**Exercise details**
Only the lines from the one containing "tiramisu caramel beurre" to the end of the material are to be copied, exactly and in full; images stay out.

**Information shown**
++++++++++++++++++++

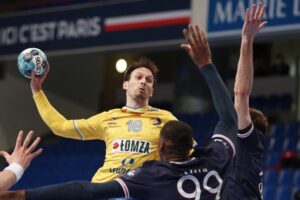 23.02.2021. Paryż. 9. kolejka Ligi Mistrzów: PSG - Łomża Vive Kielce. Na zdjęciu: Igor Karacić - Łomża Vive / EPA/YOAN VALAT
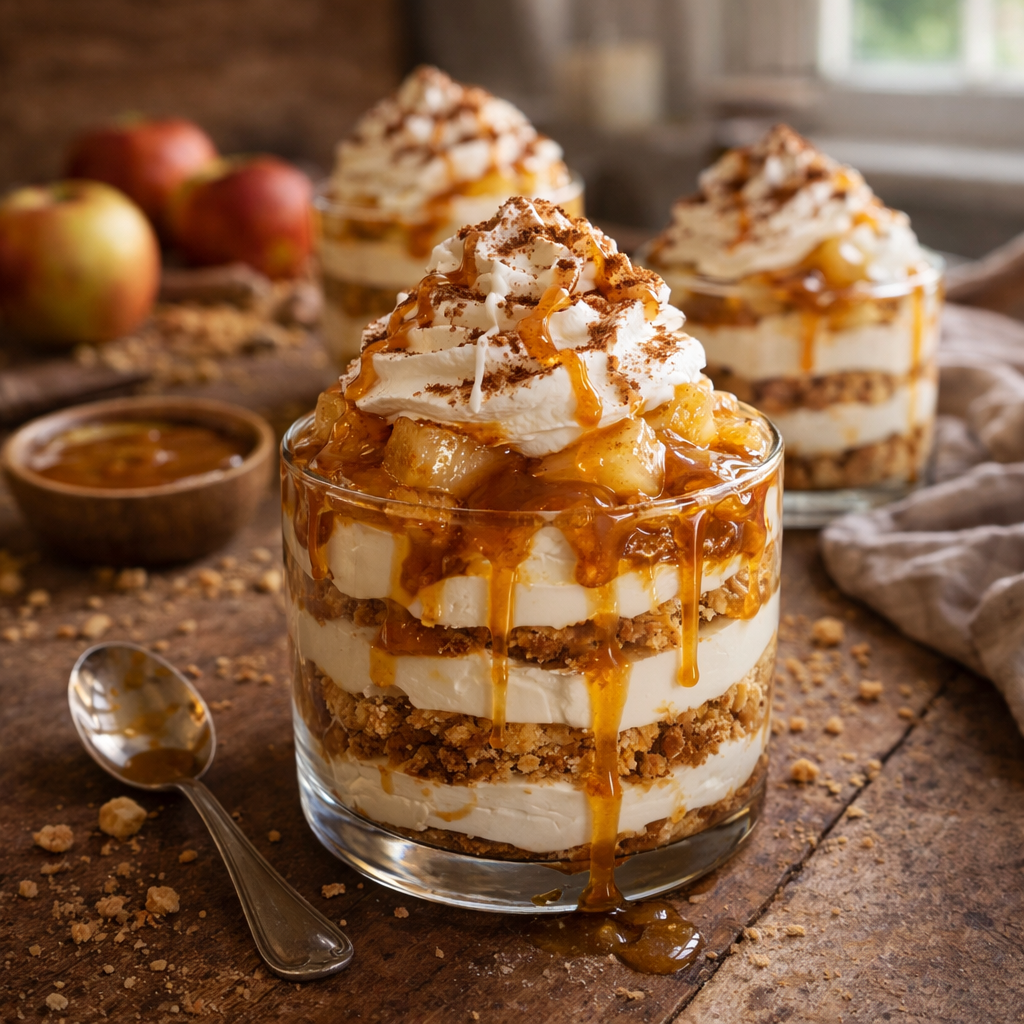 tiramisu caramel beurre salé et pommes poêlées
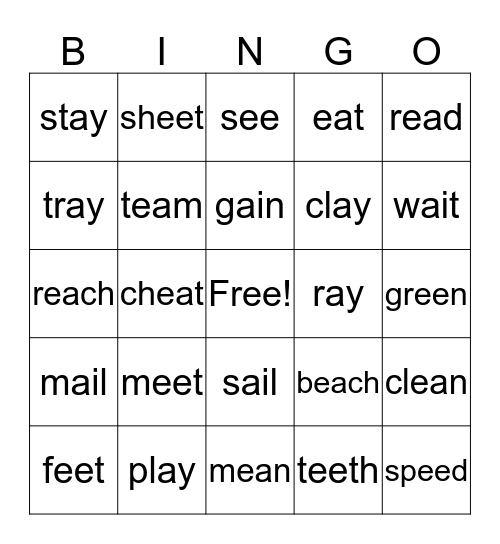 BINGO! ee, ea, ay, ai Bingo Card
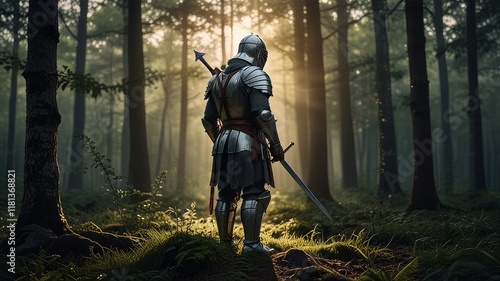 Medieval knight in armor with sword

++++++++++++++++++++

**Solution to this task**
 tiramisu caramel beurre salé et pommes poêlées
 BINGO! ee, ea, ay, ai Bingo Card
 Medieval knight in armor with sword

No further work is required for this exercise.